BEGIN

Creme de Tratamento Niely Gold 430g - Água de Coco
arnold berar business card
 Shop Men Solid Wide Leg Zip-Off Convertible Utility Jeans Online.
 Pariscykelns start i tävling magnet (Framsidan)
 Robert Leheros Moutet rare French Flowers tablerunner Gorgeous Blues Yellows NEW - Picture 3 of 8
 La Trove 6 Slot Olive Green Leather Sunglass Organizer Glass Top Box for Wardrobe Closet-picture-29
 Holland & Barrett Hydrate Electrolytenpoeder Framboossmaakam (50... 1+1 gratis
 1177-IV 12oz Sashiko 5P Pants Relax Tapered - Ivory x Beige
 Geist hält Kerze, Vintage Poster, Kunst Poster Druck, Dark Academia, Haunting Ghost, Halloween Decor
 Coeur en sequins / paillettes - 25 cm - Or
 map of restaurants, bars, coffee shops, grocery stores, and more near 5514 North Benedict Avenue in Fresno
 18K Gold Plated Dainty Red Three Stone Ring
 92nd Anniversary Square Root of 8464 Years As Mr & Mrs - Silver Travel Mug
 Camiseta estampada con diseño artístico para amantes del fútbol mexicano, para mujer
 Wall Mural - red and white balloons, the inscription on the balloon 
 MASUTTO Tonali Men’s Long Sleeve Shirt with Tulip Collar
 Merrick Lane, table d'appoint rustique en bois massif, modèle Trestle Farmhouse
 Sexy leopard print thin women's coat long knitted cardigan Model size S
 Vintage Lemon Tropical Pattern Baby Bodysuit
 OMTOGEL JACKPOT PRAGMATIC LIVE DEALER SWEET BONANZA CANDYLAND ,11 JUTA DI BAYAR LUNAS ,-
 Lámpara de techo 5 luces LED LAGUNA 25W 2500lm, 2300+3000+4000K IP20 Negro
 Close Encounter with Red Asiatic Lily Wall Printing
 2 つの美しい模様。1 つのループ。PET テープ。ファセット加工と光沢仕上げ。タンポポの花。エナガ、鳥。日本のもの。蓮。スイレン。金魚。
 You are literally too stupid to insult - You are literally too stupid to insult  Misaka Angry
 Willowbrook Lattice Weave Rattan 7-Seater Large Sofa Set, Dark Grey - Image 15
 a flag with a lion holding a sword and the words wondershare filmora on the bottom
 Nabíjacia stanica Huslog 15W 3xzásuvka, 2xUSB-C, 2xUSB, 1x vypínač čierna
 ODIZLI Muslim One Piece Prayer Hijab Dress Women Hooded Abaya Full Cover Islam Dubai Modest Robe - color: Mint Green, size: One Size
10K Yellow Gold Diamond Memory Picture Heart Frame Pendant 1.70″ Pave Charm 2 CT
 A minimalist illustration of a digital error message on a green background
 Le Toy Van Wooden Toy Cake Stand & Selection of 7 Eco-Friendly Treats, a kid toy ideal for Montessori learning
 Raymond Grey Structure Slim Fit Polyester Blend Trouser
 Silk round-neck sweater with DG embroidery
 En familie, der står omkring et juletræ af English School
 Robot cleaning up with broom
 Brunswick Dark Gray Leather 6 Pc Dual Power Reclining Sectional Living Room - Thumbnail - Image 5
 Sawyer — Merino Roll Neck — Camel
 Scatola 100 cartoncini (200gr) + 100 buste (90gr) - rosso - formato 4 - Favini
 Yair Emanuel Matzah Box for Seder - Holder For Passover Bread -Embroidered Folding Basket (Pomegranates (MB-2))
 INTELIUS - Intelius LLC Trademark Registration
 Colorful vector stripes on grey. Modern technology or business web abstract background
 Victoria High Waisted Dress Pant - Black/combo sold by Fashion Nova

END

### Exercise instructions
Lines to set down from above: the line with "map of restaurants, bars, coffee", the line with "92nd Anniversary Square", and every line between, each exactly as written.

### Output of the exercise
 map of restaurants, bars, coffee shops, grocery stores, and more near 5514 North Benedict Avenue in Fresno
 18K Gold Plated Dainty Red Three Stone Ring
 92nd Anniversary Square Root of 8464 Years As Mr & Mrs - Silver Travel Mug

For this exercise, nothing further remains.